Hopkins Grants Focus on Contributions of Women in Medicine
‘Our mutual commitment to excellence and equality makes this an ideal partnership’
The Women in Medicine Legacy Foundation and The Johns Hopkins University School of Medicine have partnered to offer two grants to research and preserve the contributions of women in the field.
Founded in 1893, the Johns Hopkins University School of Medicine was the first graduate-level medical school in the nation to accept women on an equal basis as men, a mandate imposed by the women who raised funding for establishment of the school.

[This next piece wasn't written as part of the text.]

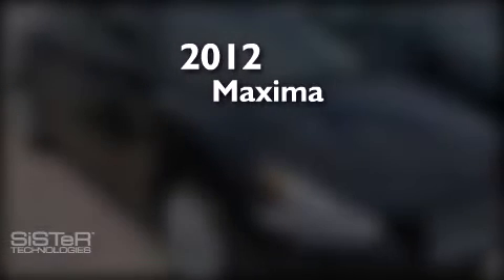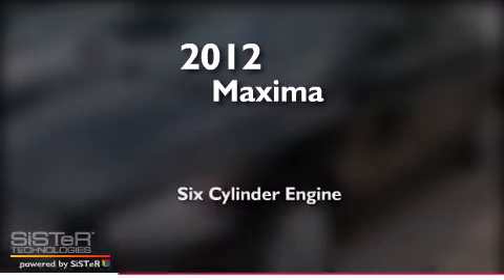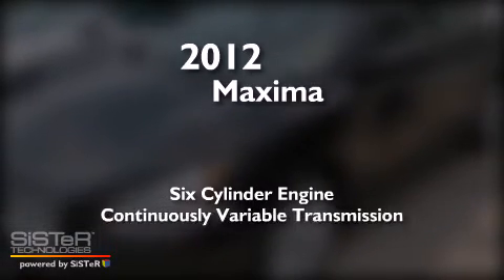This is a 2012 Nissan Maxima. It has a six-cylinder engine and a continuous variable transmission.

“Our mutual commitment to excellence and equality makes this an ideal partnership,” says Julia Haller, M.D., president of the Foundation. Dr. Haller also completed her residency and fellowship at Wilmer Eye Institute at Johns Hopkins Hospital. “Together, we will preserve important historical research into women in medicine that will inform and inspire future generations.”
The Foundation is granting $3,500 to each award recipient to research contributions made by women in medicine. Grants will be awarded annually to a medical student and graduate student respectively. Male students as well as female students are eligible to apply.
The research awards are named for two trailblazing women. Mary Elizabeth Garrett, a Baltimore philanthropist, successfully campaigned for the admission of women to the Johns Hopkins University School of Medicine. Florence Rena Sabin, a 1900 graduate of the Johns Hopkins University School of Medicine, was one of the first women physicians to embark on a career as a research scientist, becoming the first full professor at the Johns Hopkins University School of Medicine.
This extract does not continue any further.